Но в море у меня никогда не было этого чувства. Там я никогда не бывал одинок, потому что неизменно находился в обществе. В обществе великих мореплавателей, первых взрослых друзей моих отроческих лет. Бессмертное море сохраняет в вас ощущение его прошлого, память обо всех подвигах, которые были совершены человеческой мудростью и отвагой среди его беспокойных волн. Эти подвиги вызывали во мне чувство глубочайшей преданности и, вероятно, лишь покровительству великих мореплавателей, всегда живущих в моей памяти, обязан я тому, что, не будучи ни исследователем, ни ученым, я все же получил возможность проплыть через самое сердце старинной тайны Тихого океана, через районы, которые даже в мое время были еще очень несовершенно нанесены на карты и далеко не полиостью известны.
Это произошло в 1888 году, когда судно под моей командой, стоявшее в Сиднее, принимало на борт смешанный груз для острова Маврикия - и вдруг, в один прекрасный день, все глубоко затаенные во мне мысли об исторической важности тихоокеанских исследований всплыли на поверхность. Почти не раздумывая, я сел и написал письмо судовладельцам, предлагая взамен обычного южного рейса провести судно на остров Маврикия через пролив Торреса. Я имел все основания ожидать серьезной взбучки, хотя бы за то, что отнял у них лишнее время своим неслыханным предложением.
Должен признаться, что я ждал ответа с некоторым трепетом. Ответ пришел в свое время, но вместо ожидаемого мной ворчливого начала "нам трудно понять..." и т. д. и т. д. он просто обращал мое внимание на тот факт, что "этот маршрут потребует выплаты дополнительной страховой премии", и т. п. и т. п. А заканчивался он следующими словами: "Впрочем, в целом мы не возражаем против вашего намерения провести судно через пролив Торреса, если вы уверены, что навигационный сезон еще не заканчивается и можно избежать опасностей штилей, которые, как вы знаете, по временам господствуют в Арафурском море".
Я прочел письмо и почувствовал угрызения совести.

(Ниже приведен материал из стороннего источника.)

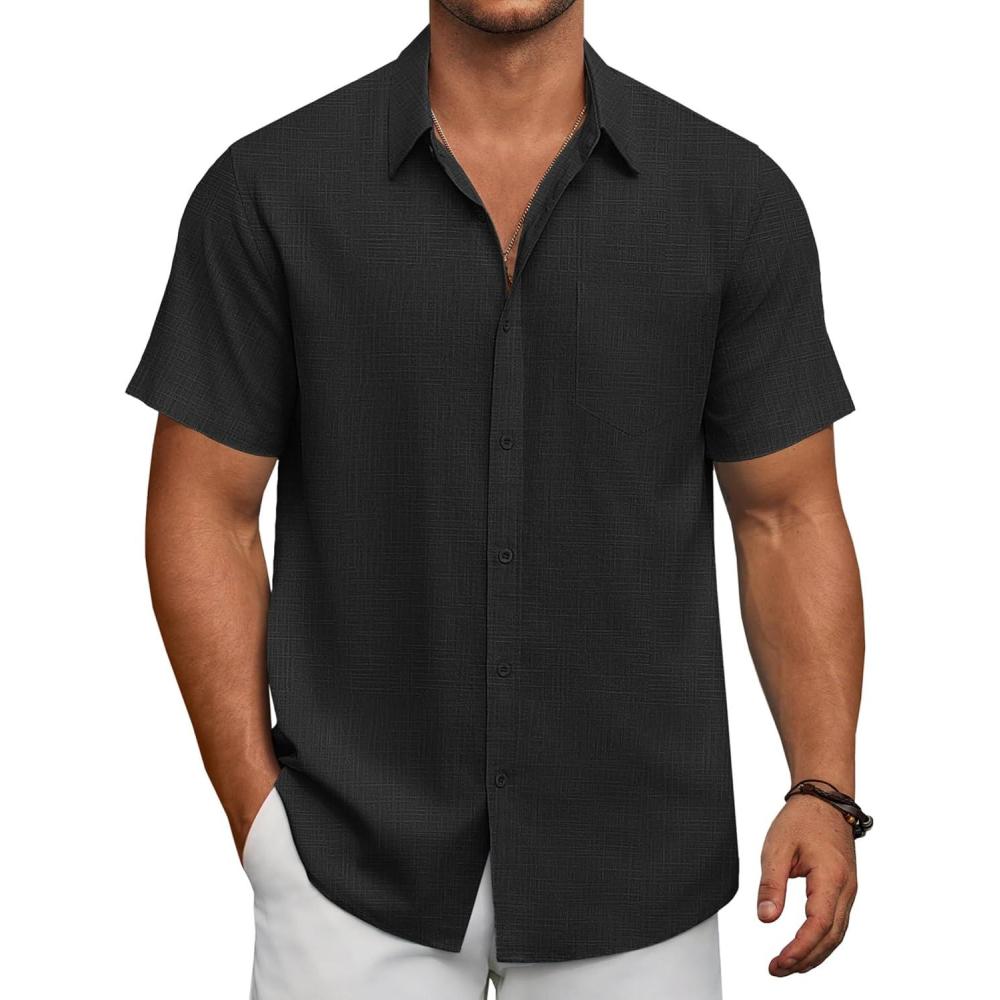 imageCOOFANDY Mens Short Sleeve Button Down Shirts Summer Casual Textured Shirt Vacation Beach Wedding Shirts with PocketBlack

Навигационный сезон, пожалуй, близился к концу. Я не был скрупулезно честным в своей аргументации. Может быть, потому, что не верил в ее успех. А теперь мне предлагалось взять все под свою ответственность. Должно быть, мое письмо попало в контору компании "Г. Симпсон и сыновья" в счастливый день, - в романтический день. Не стану притворяться, что я раскаиваюсь в том, что уклонился тогда от строгой истины, - разве была бы так дорога мне память о моей морской жизни, если бы она не включала в себя и плавания через пролив Торреса на всем его протяжении, от устья реки Флай - и дальше, вдоль путей первых мореплавателей?

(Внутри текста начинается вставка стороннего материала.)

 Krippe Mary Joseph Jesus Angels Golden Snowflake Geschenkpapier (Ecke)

Так как сезон уже близился к концу, я настоял на том, чтобы уйти из Сиднея во время тяжелого юго-восточного шторма. И лоцман и капитан буксира были возмущены моим упрямством и поспешили предоставить меня самому себе, едва только мы отошли от Сиднея. Свирепый юго-восточный ветер подхватил меня на свои крылья, и не позже чем на девятый день я был уже у входа в пролив Торреса, названного по имени бесстрашного и молчаливого испанца, который в XVII веке первым прошел этот путь, не зная, где он, не подозревая, что по одну сторону его корабля лежит Новая Гвинея, а по другую - весь австралийский континент. Он думал, что идет мимо архипелага. Существование этого пролива в течение полутора столетий подвергалось сомнениям, оспаривалось, служило предметом ссор для географов и даже начисто отрицалось человеком с дурной репутацией, но искусным мореплавателем, Абелем Тасманом, который считал, что это - большой залив; подлинные его контуры были впервые перенесены на карту Джемсом Куком, навигатором без страха и упрека, самым замечательным по своим достижениям и человеческому облику из моряков создателей воинствующей географии более позднего времени.
Если духи умерших посещают места своих земных подвигов, то я, вероятно, находился под благосклонным покровительством трех этих теней: несгибаемого испанца, - человека такой высокой доблести, что он не удостаивает и единым словом чудовищные трудности и опасности своего плавания; упрямого голландца, который, твердо уверовав, что пройти здесь невозможно, чуть не открыл истины, отклонившись от нее лишь миль на 50; и наконец великого англичанина, сына земли, прекрасного командира и профессионального моряка, который разрешил этот вопрос наряду со множеством других и не оставил после себя ни одной неразрешенной проблемы Тихого океана. Великие тени! Все друзья моей юности!
Не без известного волнения - ведь я командовал, весьма возможно, первым и, безусловно, последним торговым судном, перевозившим груз из Сиднея на Маврикий таким маршрутом, - на рассвете я повернул корабль носом к проливу Блая и поднял столько парусов, сколько могли выдержать мачты. Вокруг меня простирались гонимые ветром, пронизанные солнцем пустынные воды, наполовину скрытые блестящей дымкой. Первое, что привлекло мой взор среди игры бело-зеленых волн, была черная точка, очень кстати отмечавшая край низкой песчаной банки. Она оказалась обломком какого-то маленького суденышка. Надеясь разобрать надпись на его корме, я слегка изменил курс, чтобы подойти поближе. Буквы уже почти стерлись. Корабль назывался "Гонолулу". Я не мог прочесть названия порта. Одному богу известна история этого судна, а ветер, должно быть, гулял вокруг достаточно долгое время, чтобы намыть на его останки спокойную могилу из того самого песка, на котором оно встретило свою смерть. 36 часов спустя, - 9 из них были проведены на якоре, - подходя к другому концу пролива, я увидел мрачный серый остов большого американского судна, лежащего высоко над водой в самой южной точке Рифов Воинов. Корабль этот находился там уже несколько лет. Я слышал о нем. Он стал легендой. Как громадное и зловещее memento mori маячил перед нами этот остов, поднятый преломлением света безмятежного дня над далекой линией горизонта, четко обрисованной заходящим солнцем.